2. The fundamental symbol in The Ring is the world of nature, from which everything arises and to which everything returns. And Wagner’s basic motive for this ultimate source of existence is that fundamental element in music – the major chord. This chord, spread out melodically as a rising major arpeggio by the horns, forms the mysterious Nature Motive which opens the whole work.
This is the original form of the Nature Motive. It soon undergoes a simple melodic transformation into a peacefully undulating string theme; and the result is what may be called the definitive form of the Nature Motive, since this is the form in which it will recur throughout the whole work.
The next transformation is that this definitive form of the Nature Motive simply begins to move at twice the speed, and in so doing it becomes a new motive — the surging motive of the River Rhine.
Tracing further the family of motives generated by the basic Nature Motive we must pass on now to Scene Four of Rhinegold for the next transformation. Here the Nature Motive, by turning from major to minor, and a flowing 6/8 to slow 4/4 time, becomes the dark motive of Erda – the earth-goddess.
So far the transformations of the Nature Motive have been simple ones, but the next is more radical; the motive turns upside-down, implying its own opposite. When Erda begins to warn Wotan of the end in store for the gods, the orchestra accompanies her with her own motive – itself a simple transformation of the Nature Motive as we have heard; but as she comes to the .point the orchestra changes her rising motive into a falling one. The motive of life and growth becomes the motive of decay and death. Here is the whole passage: the orchestra has two statements of Erda’s rising motive followed by its inversion, the falling motive of The Twilight of the Gods.
The strings accompany Erda’s voice very softly here, only hinting at the gods’ mortality. We can hear what happens more clearly if we have the accompaniment played by the orchestra alone: first the rising Erda Motive and then immediately its inversion – the falling motive of The Twilight of the Gods.

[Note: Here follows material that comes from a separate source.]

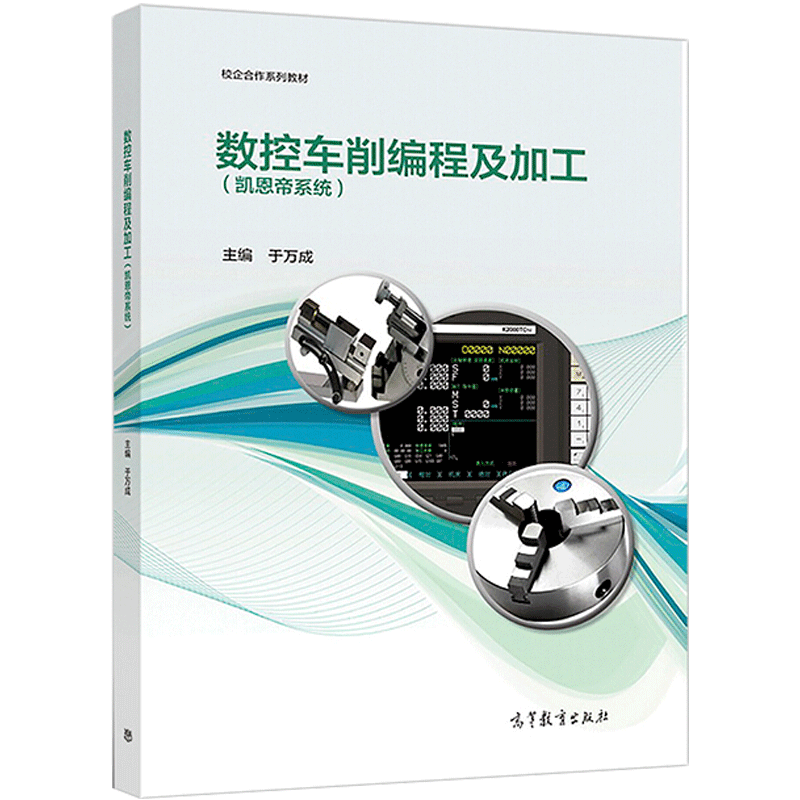 数控车削编程及加工(凯恩帝系统)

This mysterious falling, fading motive, like so many of the others, recurs at many points in The Ring. Naturally, it permeates the final part of the work – The Twilight of the Gods, Götterdämmerung – and inevitably it introduces the final scene, when Brünnhilde steps forward to perform the decisive actions that bring about the end of the gods.

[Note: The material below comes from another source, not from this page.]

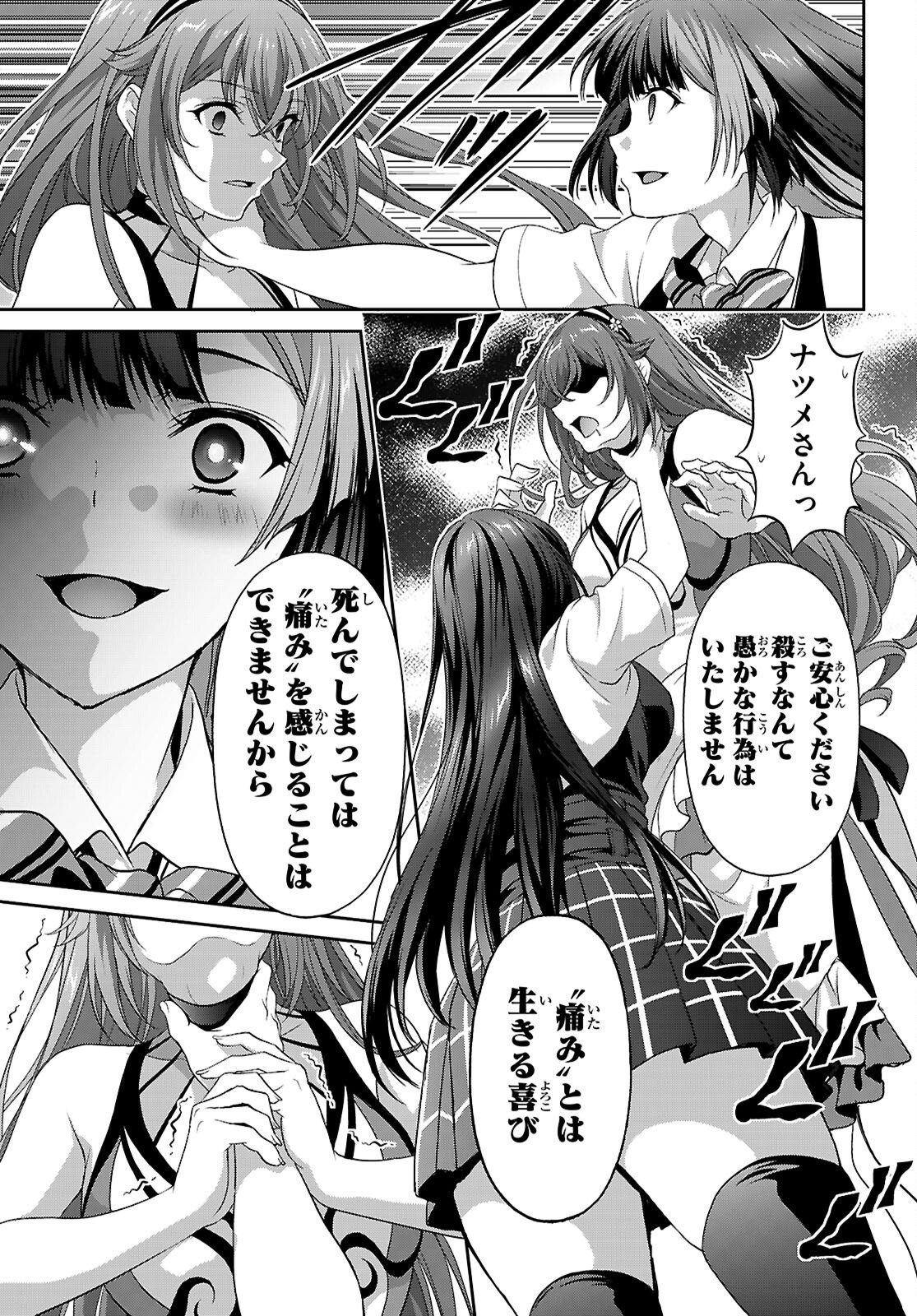 TSUKAKU TANTEI TSUTENJI NATSUME Chapter 10 page 27 - nihonkuni.com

3. Returning now to the Nature Motive and its further transformations: after Erda and her warning in Rhinegold, we have to wait until Act One of Siegfried for the next transformation, another simple one. This occurs when Wotan speaks to Mime of the all-powerful spear that he cut from the World’s great Ash-Tree-the Tree of Life, guarded by Erda’s daughters, the Norns. The orchestra accompanies his words with anew rhythmic variant of the Nature Motive, in the minor and in 3/4 time. Here first, as a reminder, is the Nature Motive again.
And here is the swaying motive of the World Ash-Tree as it is introduced to accompany Wotan in Act One of Siegfried. Listen to the orchestra.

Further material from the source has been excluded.